I also find that weird. You can just go to the Humane Society if you need an animal. If you adopt one that’s been on the street for a whopping 12 minutes, that’s not adopting, that’s dognapping.
For example, we got this cat from the Humane Society, and now he keeps all our other animals in check.
Another bugbear we share: “Or when someone posts something for sale and when you call for the address to pick it up they say “ oh my “relative” wanted it, so it’s not for sale now”!”
That does suck. Only sell something online if you’ve already tried to offload it on your friends and family and no one wants it.

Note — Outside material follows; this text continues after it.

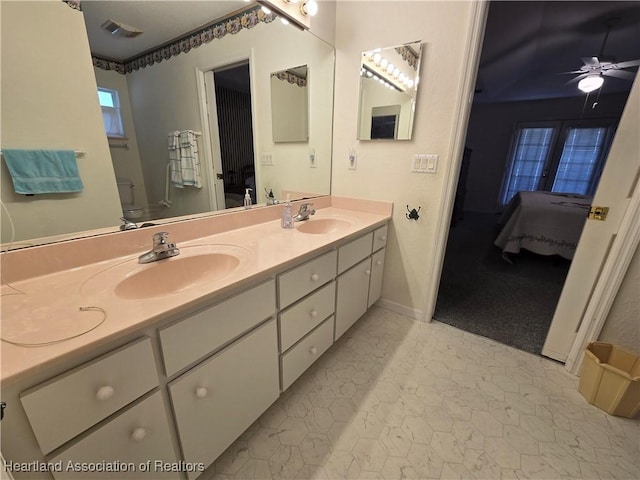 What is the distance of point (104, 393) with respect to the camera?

And possibly the most egregious: “I can’t stand when someone posts an ISO for something, someone comments with that thing offering to the original poster and some other person comes and asks for it.”
That is awful. It’s like if someone walked out of the Food Bank with a bag of groceries and you snatched the bag from them and ran. If you need the thing they asked for, wait a few days then put up your own ISO post.
Then we have this behavior: “Also when someone posts an ISO in Buy Nothing and people “help” by offering places the item is sold instead of offering the item. We all know how to use websites and stores to purchase things, that’s not the point of the Buy Nothing group.”
I hate unsolicited online advice. People aren’t on the buy nothing group because they don’t understand a market economy and have never heard of Amazon.
Besides all these behaviors, my biggest pet peeve is when someone writes a post that makes a valid point, and the first comment is someone correcting their spelling.
We have this post:
The first comment: “*brakes..”
This is not helpful. This correction does not help the flow of traffic.
Then the other unhelpful comments are things like: “Seems like you’re the problem here. Big and slow = annoying as hell on the road.”
The poster takes it well and says, “I understand that! But unfortunately I do exist, and because I’m big, if you drive into my path it will be a BIG smash.”
Good for the poster for being magnanimous. I would have curled in a ball and cried because someone thinks I’m not suited for this world, and that people who want to illegally pass on the left while speeding are more important than me. Then I would fantasize about sneaking into the commenter’s yard and stealing samples of their dog feces, and when I hand them over to the Italian police, I would say I had found the world’s largest mound of diarrhea right in front of the precinct (stazione di polizia), and whoever owns this dog deserves the biggest fine.